● **Aim of the exercise**: Would you print the lines below exactly, beginning at the line that has "Kafede elinde siyah" and stopping after the line that has "Project Woman holds"? Only those lines, and no pictures.

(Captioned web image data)

::::::::

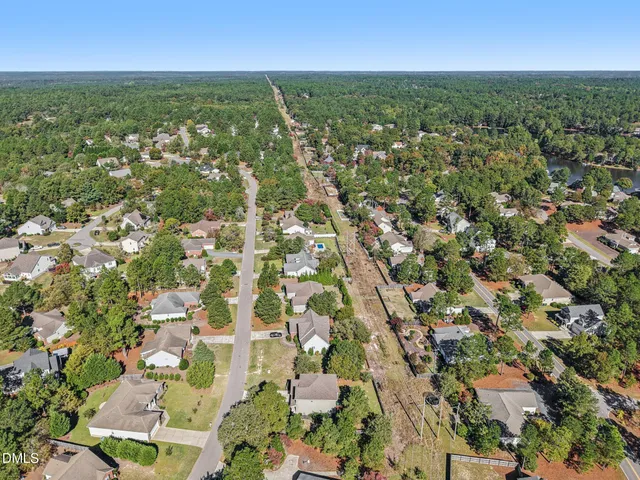 an aerial view of residential houses with city view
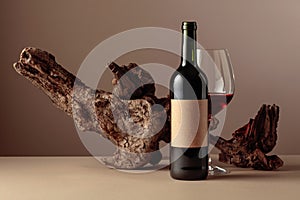 Bottle and glass of red wine with old weathered snag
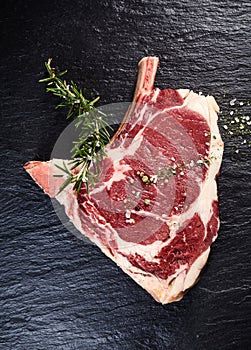 Slice of French cote de boeuf rib tips on dark background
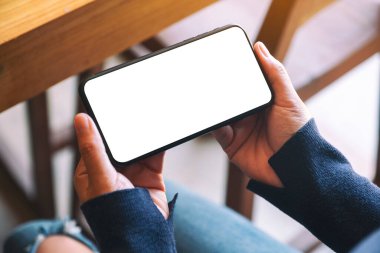 Kafede elinde siyah cep telefonu olan beyaz ekranlı bir kadının görüntüsü.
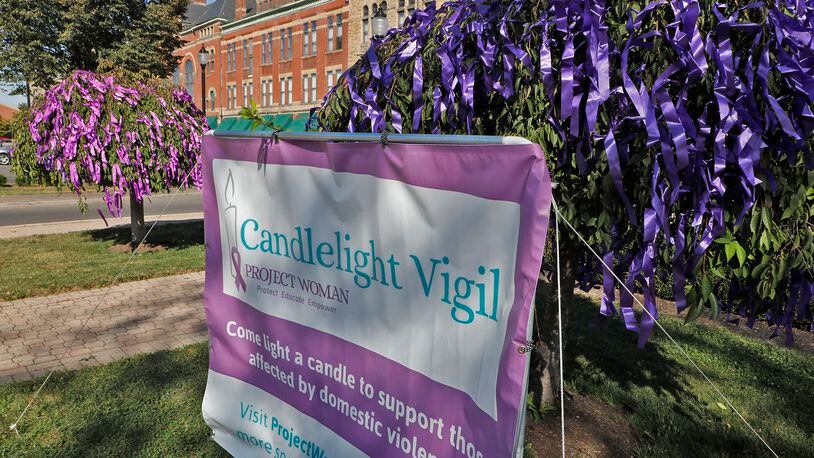 Project Woman holds a candlelight vigil annually in October to show their support for the victims of domestic violence and raise awareness of the issue. BILL LACKEY/STAFF Bill Lackey/Staff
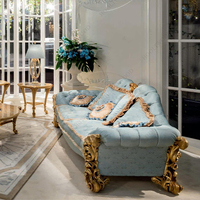 Sofá clásico francés de lujo elegante de gama alta con talla de rosa de madera maciza de tela azul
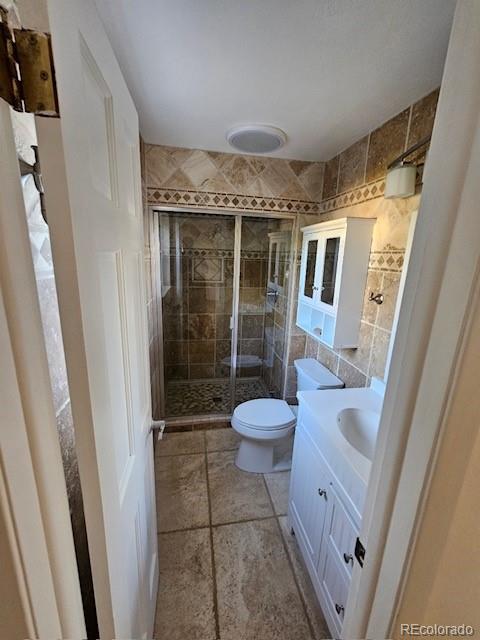 bathroom with tile walls, vanity, toilet, and a shower with door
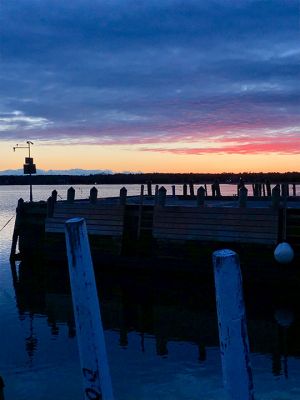 Mattapoisett Sunset
Mary Dermody took this photo of the sun setting beyond Mello Wharf in Mattapoisett recently while walking at the Town Wharves.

::::::::

● **Your solution**:
 Kafede elinde siyah cep telefonu olan beyaz ekranlı bir kadının görüntüsü.
 Project Woman holds a candlelight vigil annually in October to show their support for the victims of domestic violence and raise awareness of the issue. BILL LACKEY/STAFF Bill Lackey/Staff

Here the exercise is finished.